#### [Work request]
Take the line containing "揭秘比特币钱包：用户忘记密码的真实案例与解决方案" and every line after it to the end of the material below; reproduce them exactly, without pictures.

#### [Exercise materials]
◇ ◇ ◇
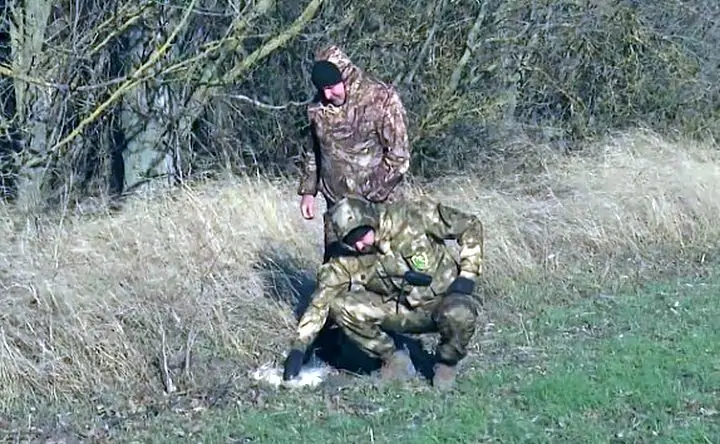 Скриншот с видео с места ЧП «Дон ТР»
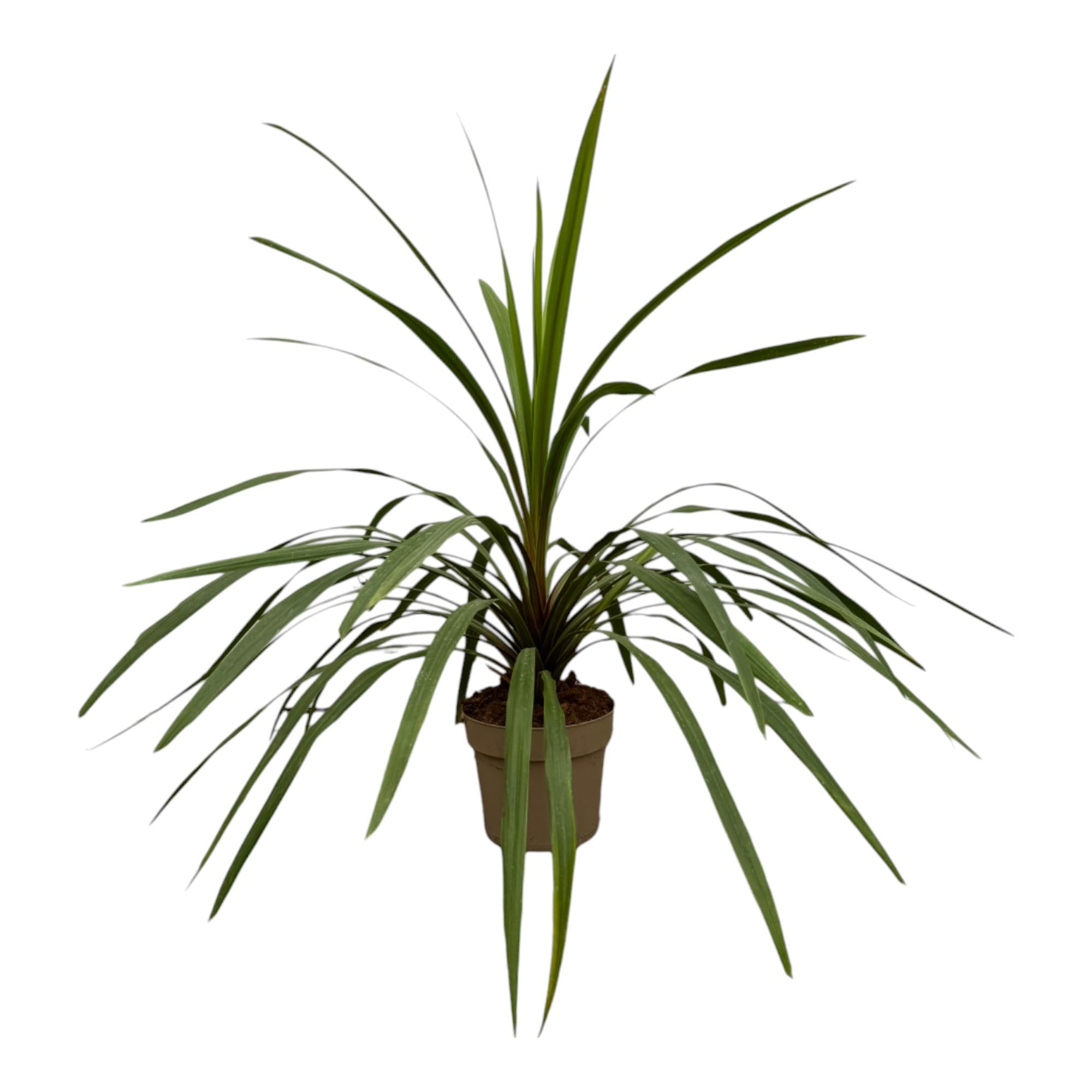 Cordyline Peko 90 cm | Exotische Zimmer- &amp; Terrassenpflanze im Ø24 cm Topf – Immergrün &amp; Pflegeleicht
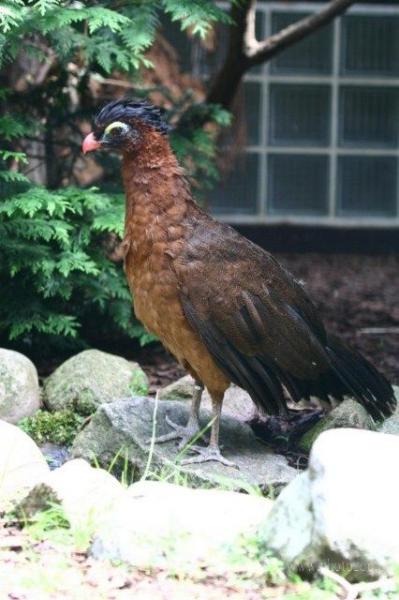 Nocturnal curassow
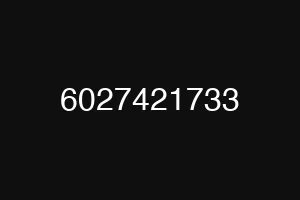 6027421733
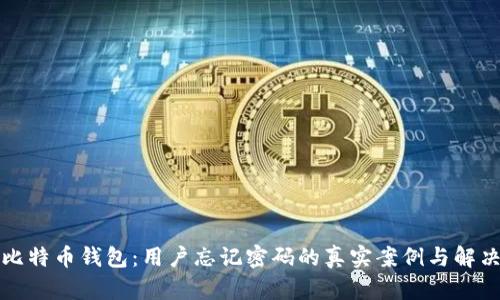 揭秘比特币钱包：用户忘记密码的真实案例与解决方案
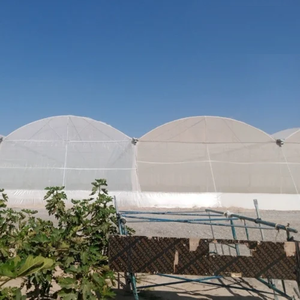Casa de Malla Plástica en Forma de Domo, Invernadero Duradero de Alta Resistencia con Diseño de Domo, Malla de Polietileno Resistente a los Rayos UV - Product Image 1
◇ ◇ ◇
#### [Response to this task]
 揭秘比特币钱包：用户忘记密码的真实案例与解决方案
Casa de Malla Plástica en Forma de Domo, Invernadero Duradero de Alta Resistencia con Diseño de Domo, Malla de Polietileno Resistente a los Rayos UV - Product Image 1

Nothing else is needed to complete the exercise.